02.06.2016 | Politik

Koalition einigt sich auf Ökostromreform und vertagt Erbschaftsteuer

Ökostromreform: Der Zubau mit neuen Windparks wurde gedrosselt
Bild: MEV-Verlag, Germany

Die Spitzen von Union und SPD haben sich auf eine Ökostromreform geeinigt. Die von der CSU verlangte weitere Förderung von Biogasanlagen wurde vom Koalitionsausschuss akzeptiert, der Ausbau neuer Windparks wurde gedrosselt. Bei der geplanten Erbschaftsteuerreform gab es Fortschritte, aber noch keinen Beschluss. Am Freitag soll weiter verhandelt werden.

Am 1. Juni hatten sich Bund und Länder in sechsstündigen Verhandlungen auf Eckpunkte für den weiteren Ausbau von Ökostrom in den nächsten Jahren verständigt. Biomasse soll in die geplante Ausschreibung für neue Ökostromanlagen mit aufgenommen werden, hieß es in der Nacht zum Donnerstag in Koalitionskreisen.

In den ersten drei Jahren sei ein Ausbau von 150 Megawatt geplant, in den darauffolgenden drei Jahren von 200 Megawatt. Dies sei ein wichtiger Schritt für eine ausgewogene Lösung bei der EEG-Reform.

Steuerliche Bevorzugung von Firmenerben steht weiter aus

Eine Einigung über die künftige steuerliche Bevorzugung von Firmenerben steht weiter aus. Das Bundesverfassungsgericht hatte der Politik bis zum 30. Juni Zeit gegeben, die bisherige Begünstigung von Firmenerben bei der Erbschaft- und Schenkungsteuer neu zu regeln. Die Karlsruher Richter hatten einige Privilegien als überzogen kritisiert und gekippt.

CDU, CSU und SPD im Bundestag hatten sich im Februar auf ein Modell verständigt. Horst Seehofer pochte anschließend aber auf weitergehende Begünstigungen und stellte einen Katalog mit acht Forderungen auf. Diese lehnt die SPD bislang ab und nennt den bisherigen Kompromiss schon sehr weitgehend.

Was passiert, wenn die Frist des Verfassungsgerichts verstreicht?

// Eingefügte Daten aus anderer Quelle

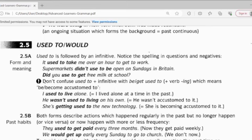Don't confuse 'used to' plus infinitive with 'be' and 'get used to'. So 'be' and 'get used to' is very different. 'Be' or 'get used to' means to be accustomed to — means that something doesn't disturb you anymore. For example:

Es gibt unterschiedliche Meinungen. Einige Experten sagen, dass bei Ablauf der Frist ohne Neuregelung das Erbschaftsteuergesetz nicht mehr anzuwenden wäre. Andere sagen, die vom Gericht gerügten Ausnahmen würden zunächst fortgelten. Das Bundesverfassungsgericht ließ klarstellen, dass das bisherige Recht trotz der gesetzten Frist auch nach dem 30.6.2016 gelte. Darauf setzt auch die CSU und lässt sich offenbar nicht unter Druck setzen. Die Verschonung von Firmenerben könnte am Ende aber durchaus ganz gestrichen werden.

GdW: Mieterstromprojekte fördern statt abschaffen

Der GdW Bundesverband deutscher Wohnungs- und Immobilienunternehmen kritisierte, dass mit dem Entwurf der EEG-Novelle Mieterstrom und Eigenversorgung erneut nicht rechtlich gleichgestellt würden. Mieter könnten nicht im gleichen Umfang von dezentral erzeugter Energie profitieren wie Eigentümer und seien somit Zuzahler statt Teilhaber der Energiewende.  

Zudem kritisierte der GdW die steuerliche Benachteiligung von Wohnungsunternehmen, die Strom aus erneuerbaren Energien wie Photovoltaik oder Kraft-Wärme-Kopplung (KWK) lokal erzeugen wollen. Sobald sie den erzeugten Strom ins allgemeine Netz einspeisen oder den Mietern zur Verfügung stellen, wird die eigentlich gewerbesteuerbefreite Vermietungstätigkeit gewerbesteuerpflichtig. 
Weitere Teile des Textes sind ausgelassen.